Lettre d'Emmanuel Desgrées du Loû à son père Henri - 04/06/1884 [correspondance]

Publié le par Emmanuel Desgrées du Loû (1867-1933)

[publié le 13/04/2020]

[lettre précédente]

[retranscription]

Mercredi, 4 Juin 1884

 

Mon cher papa,

 

Si je ne vous ai pas répondu plus tôt c’est que je ne savais pas si vous m’écririez pour Mardi. Ne voyant rien venir, j’en conclus que ce sera pour la semaine prochaine et je me détermine.

Avant d’en dire davantage et de peur d’oublier, je vous remercie de l’argent que vous m’avez envoyé. C’est plus que suffisant. J’ai remis les 13 fr.75 à la concierge, qui a inscrit, en retour, en haut de votre lettre, en belles paroles:

a Pour acquit, le 2 Juin 1884 signé Barratte

Ce qui est plus sérieux, ce sont les nouvelles concernant l’examen. L'écrit se passera le 19 Juillet et l'oral commencera probablement à la fin du même mois. Comme l'université est enchantée du nouveau système, on subira les épreuves du bachot de Novembre absolument comme en Juillet; c'est-à-dire qu'il y aura une grande session écrite. Vannes passera à Vannes, Rennes à Rennes…
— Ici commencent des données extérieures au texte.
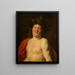 Bacchus - Jacob Jordaens — quadro incorniciato alla parete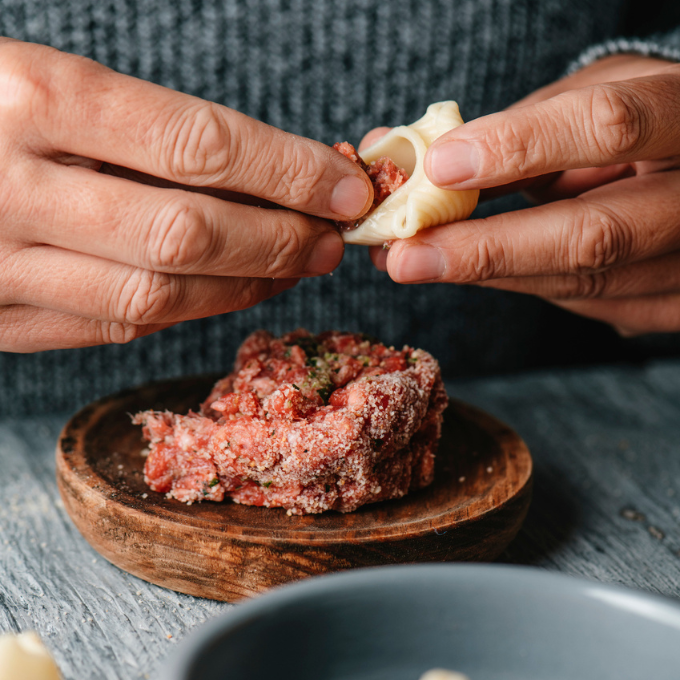 La escudella catalana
Nous avons repris le train-train accoutumé et je me suis remis au travail avec acharnement. Comme vous, les sciences me font trembler. Enfin à la grâce de Dieu. Je fais ce que dois, advienne que pourra. Si je suis refusé au mois de Juillet, Je sacrifierai courageusement mes vacances. Les compositions du concours général vont commencer. On va me faire composer pour la dissertation, mais je doute que j'ai du succès. Si pourtant je pouvais obtenir un malheureux accessit, cela me [cotterait?] joliment pour le bachot. Figurez vous que pour cette composition, on reste coffré de 10 heures à 4 heures! C'est épouvantable!

Voici, paraît-il, en quoi consisterait la nouvelle loi militaire: le volontariat serait aboli, mais toutes les exemptions ne seraient pas supprimé. Quand aux séminaristes, ils serviraient mais une année seulement. Cela me semble assez invraisemblable. Qu'en pensez-vous ? Moi je n'en pense rien de bon. Toutefois, j'espère que le bon Dieu nous tirera de ce mauvais pas. 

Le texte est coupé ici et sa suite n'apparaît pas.